Right at Sala Daeng, in the heart of Silom, there’s a ton of street food, especially during lunchtime when all the office workers come for a bite to eat. On Soi Convent, you’ll find a variety of different Thai dishes to eat, but in my opinion, the food is not always all that great – it’s convenient.
About 1 kilometer further south from the main part of Silom, almost in-between Silom and Bangrak is Silom Soi 20, which I think is a great street food street. It’s especially good in the morning, from about 6 am – 9 am when the road is mostly closed to traffic and turns into a fresh market with lots of takeaway food.
Centrally located in Bangkok, and surround Chulalongkorn University, Sam Yan market (สามย่าน) and the whole area is a treasure chest spilling over with Thai street food that is waiting to be devoured.
The Sam Yan Market, which is both a wet market and sort of student food court, is home to Today Steak, offering cheap Thai street meat and all-things-deep-fried that will require you to use that next notch on your belt (or take it off altogether).

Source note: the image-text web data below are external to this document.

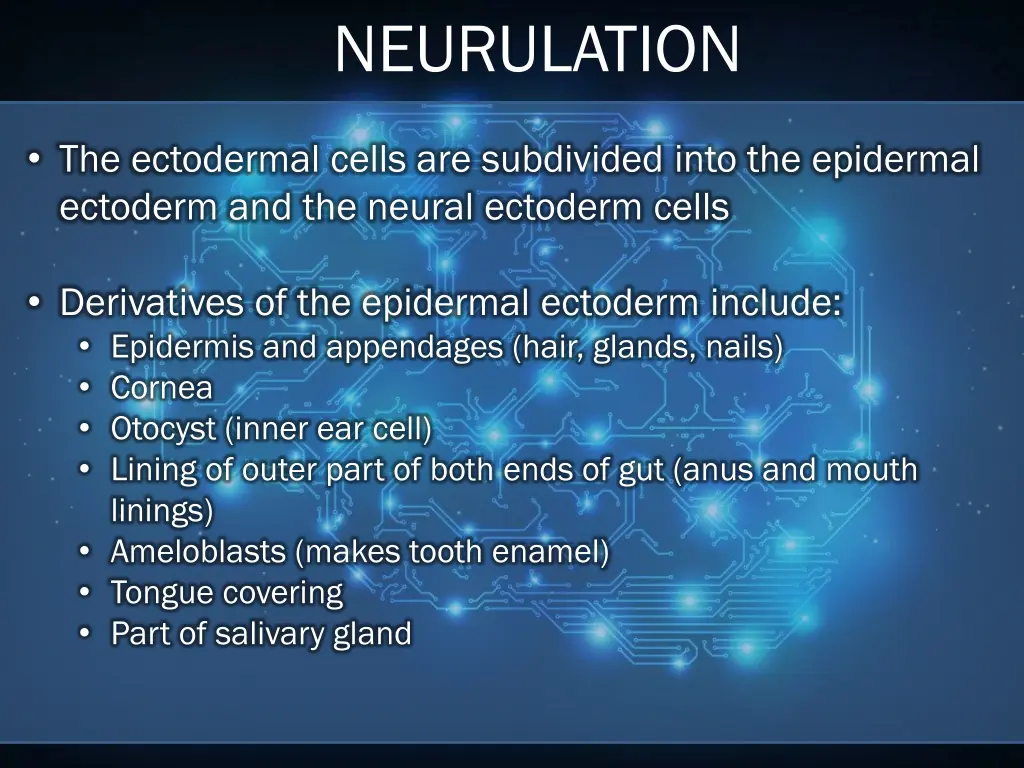 neurulation 4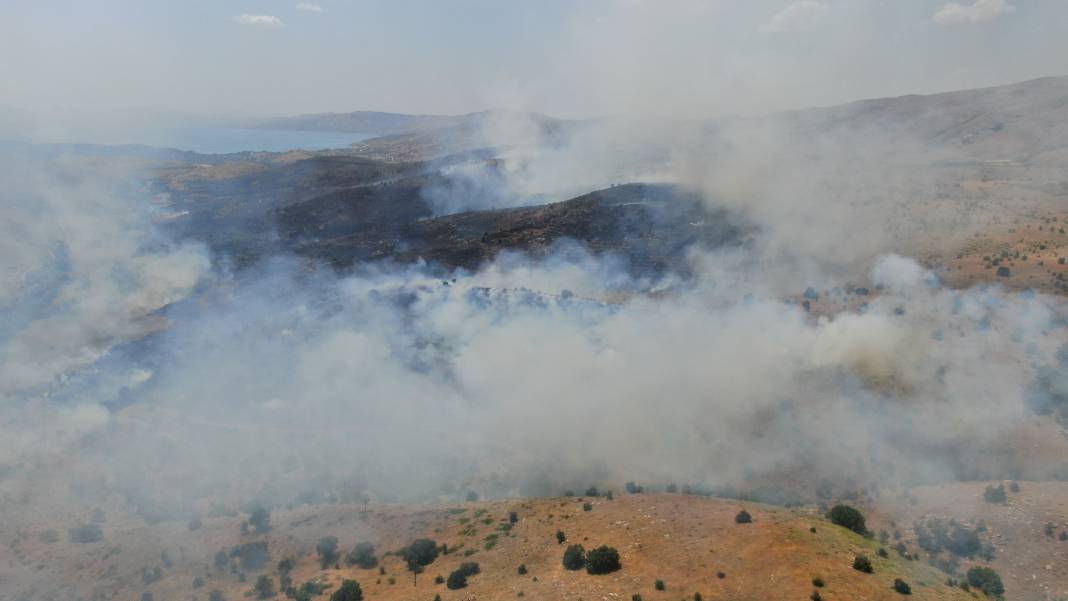 Elazığ'da orman yangını 6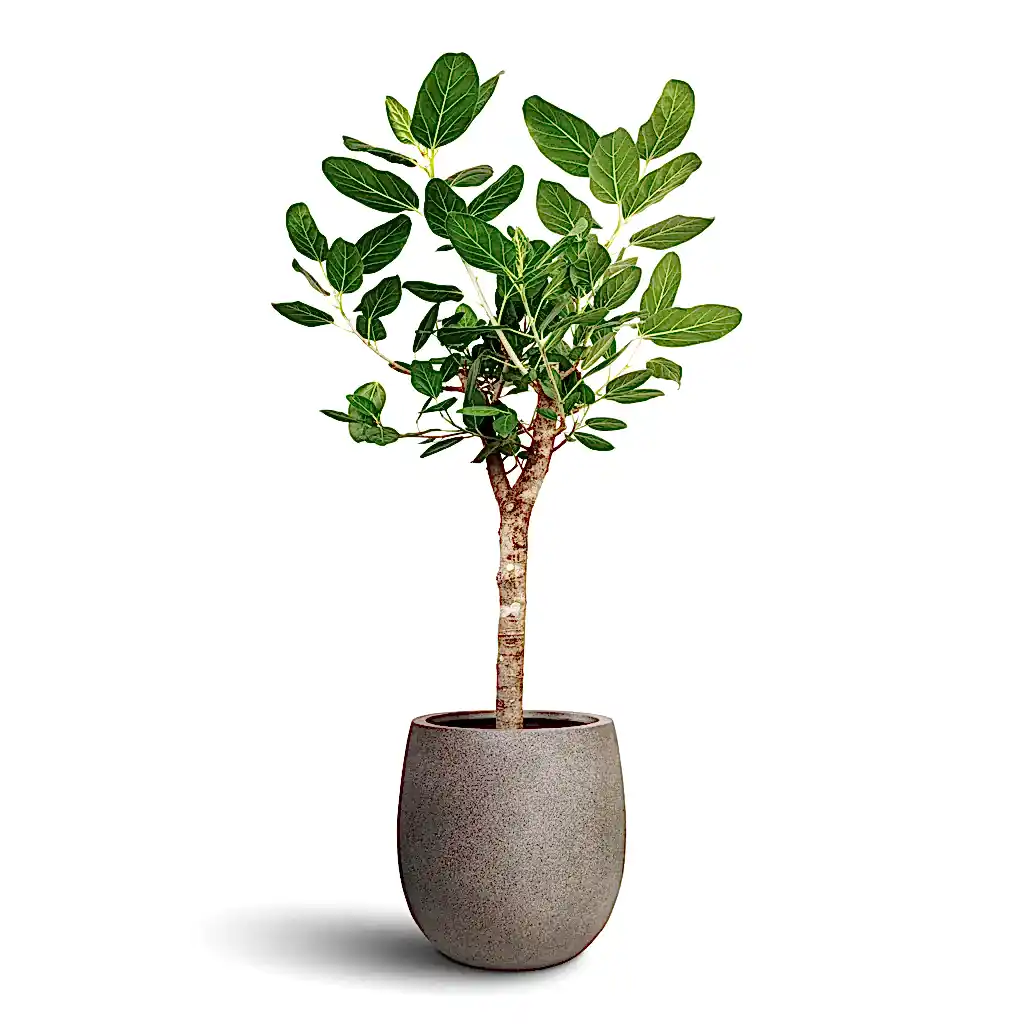 Ficus benghalensis Audrey - Bengal Fig - Straight Stem & Grigio Balloon Plant Pot - Natural Concrete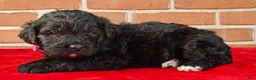 Bernedoodle dogs for sale: Cinder - Ad 2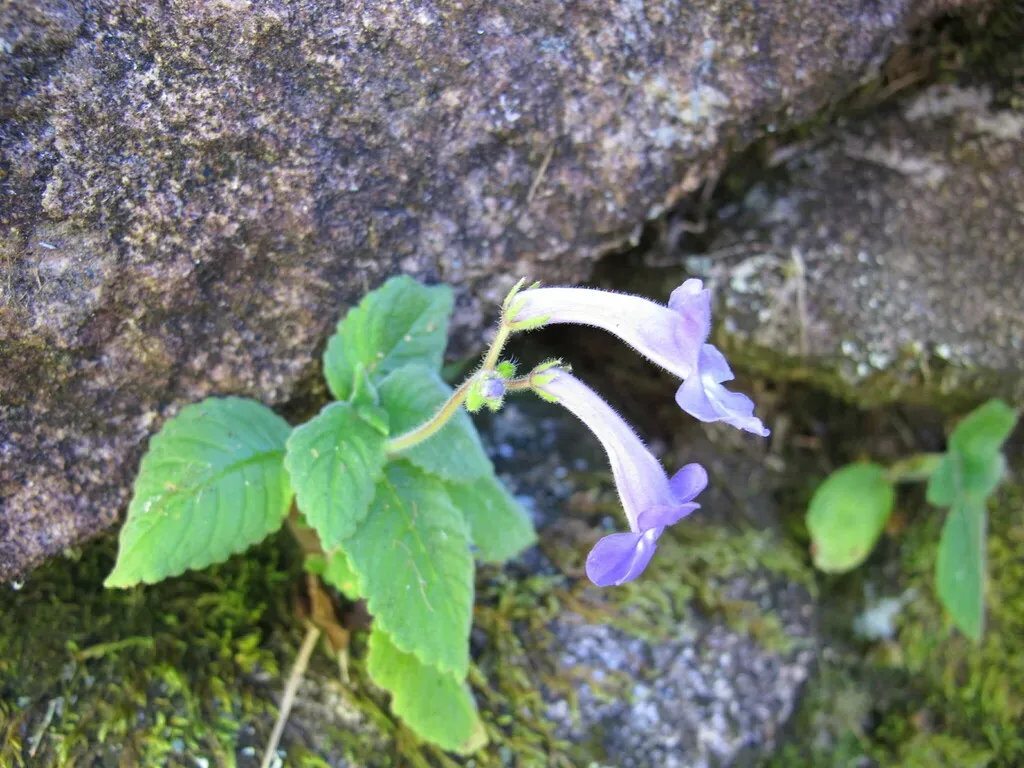 Streptocarpus Hilsenbergii
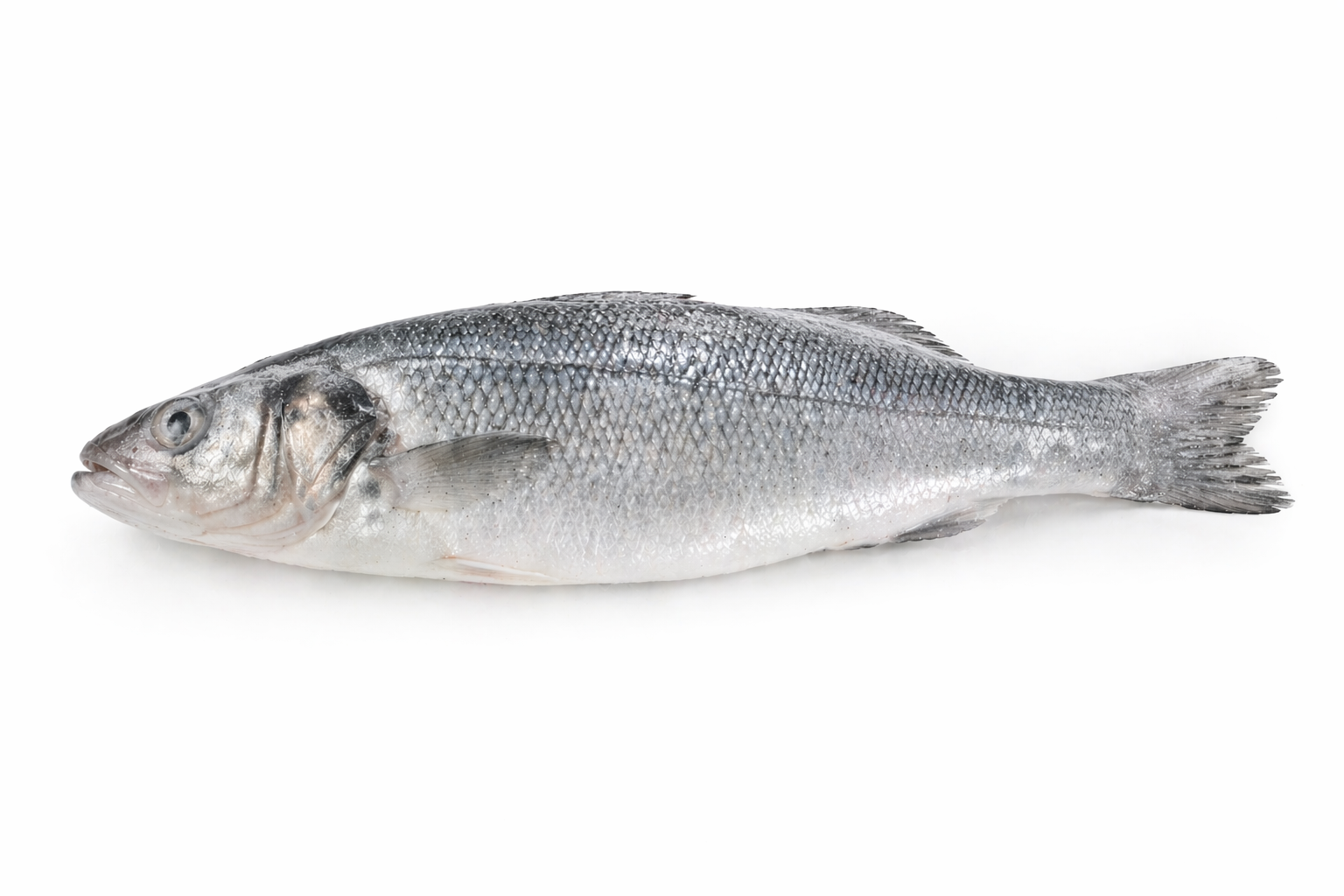 Сибас с/м ТУРЦИЯ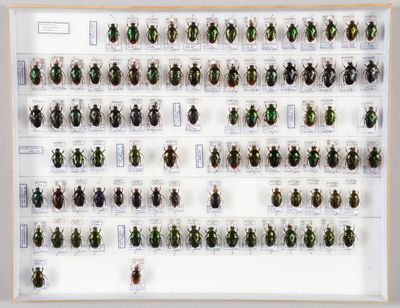 un gros plan sur un ensemble de coléoptères exposés dans un cadre blanc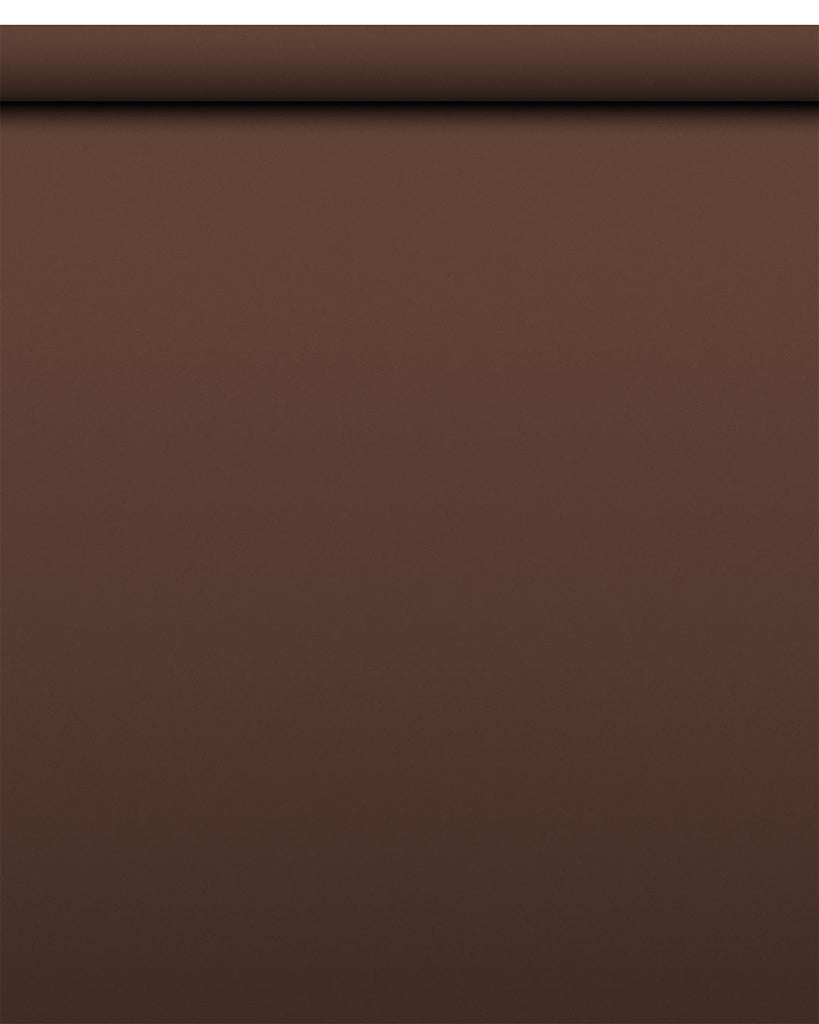 IndusLite Choco Brown Paper Backdrop Roll (INDL-06) image 1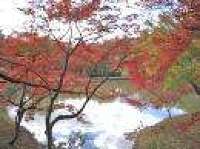 用作公園 1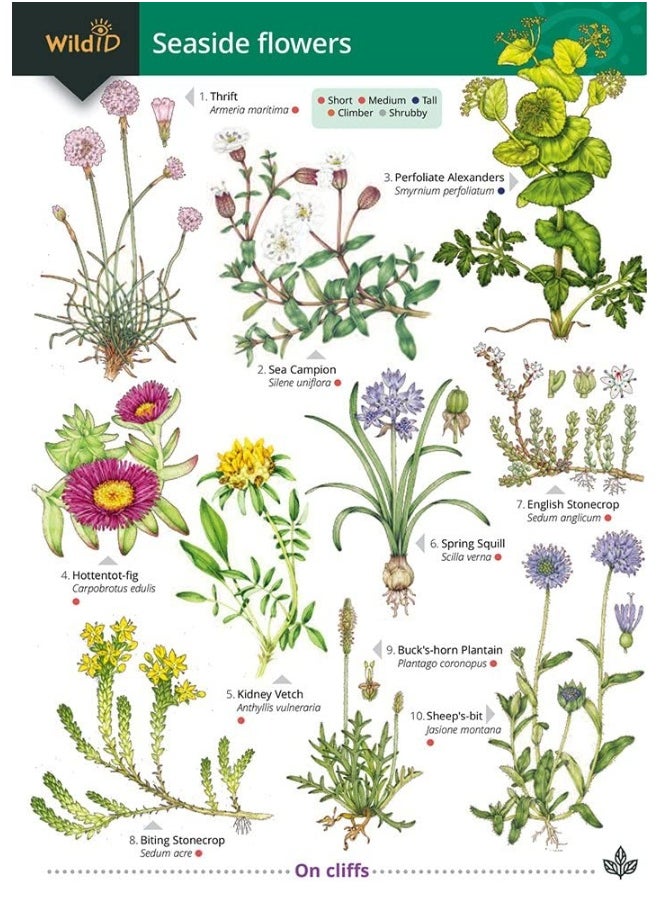 Seaside Flowers (WildID)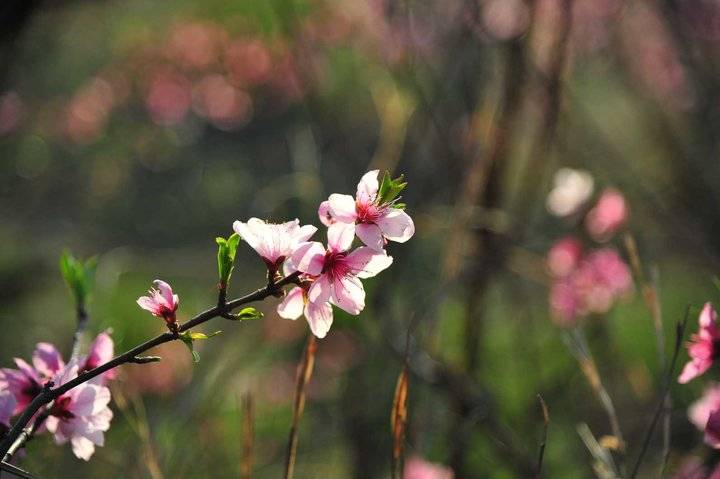 在那桃花盛开的地方，许你倾城爱恋，一世芳华(图11)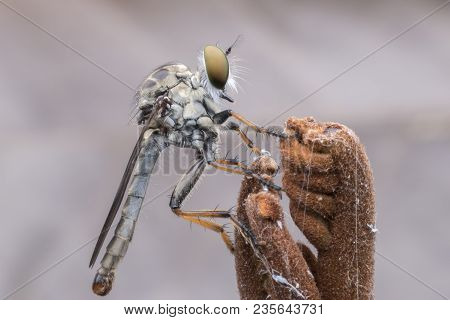 Super Macro Robber Fly Perching On Treetop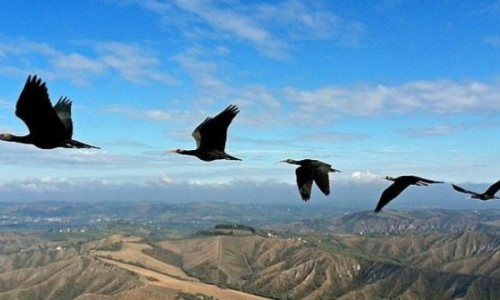 ibis-formacion--644x362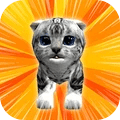 疯狂猫3D V4 安卓版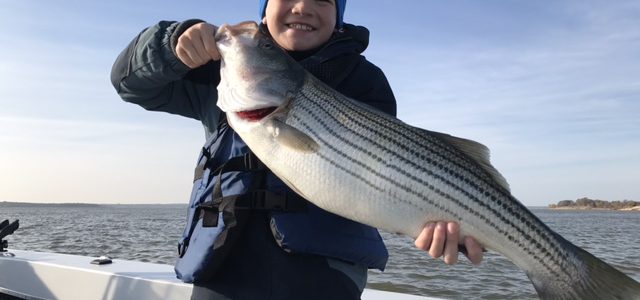 Lake Texoma 2016, What a Year!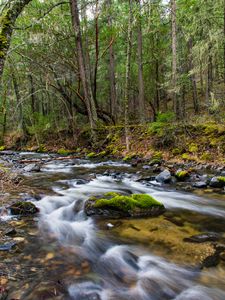 Preview wallpaper river, forest, water, stones, trees, nature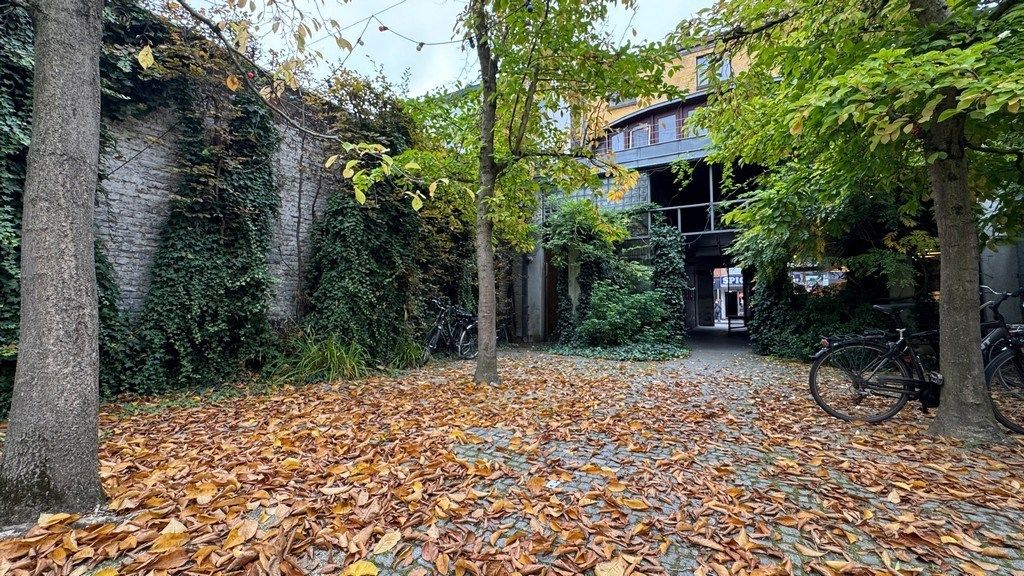 Commercieel horecapand te huur in bruisende buurt in Gent foto 11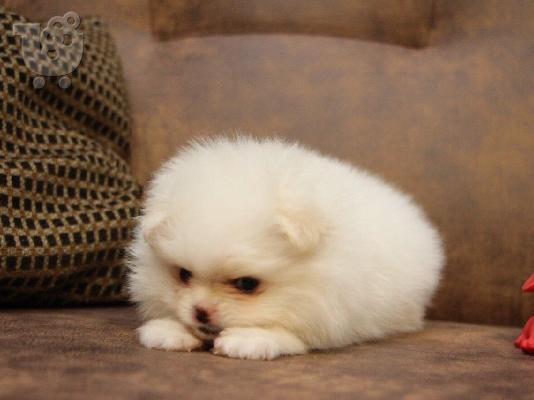 Ένα υπέροχο Pomeranian ψάχνει για ένα νέο σπίτι Έχουμε ένα ωραίο...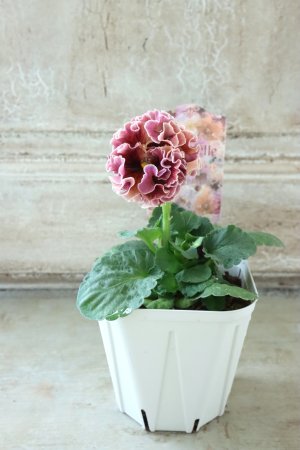 画像6: Robe de Antoinette〜ローブ・ドゥ・アントワネット〜 No.30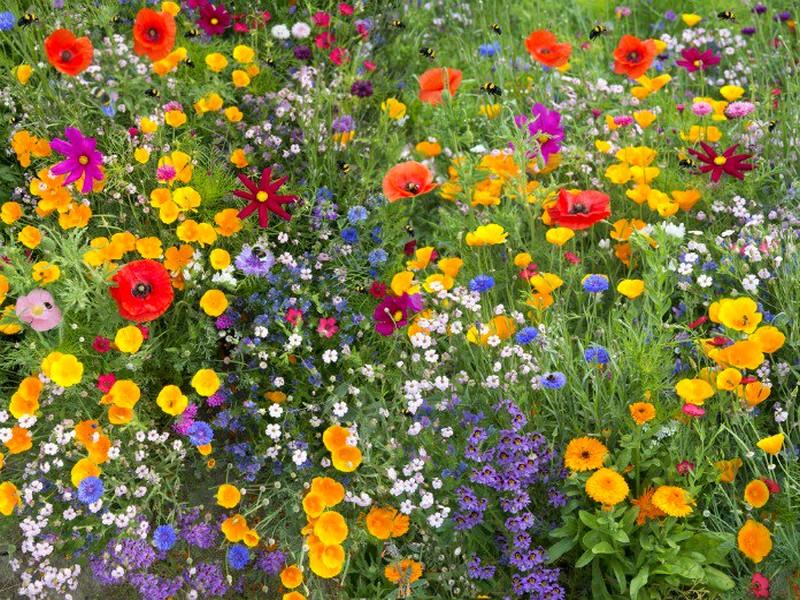 23 fleurs mellifères à planter dans son jardin pour sauver les abeilles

Tucked away in the quiet and green district of Dusit, down a road known as Nakhon Chaisi, are two of the most old and traditional markets in Bangkok.
Ratchawat is first, and includes a fine selection of restaurants serving roast duck, Kobe beef noodles, and unnamed restaurant where a man in a shower cap cooks up a stir fried curry shark that burst’s with so much flavor it will make you raise your hands with a “hallelujah!”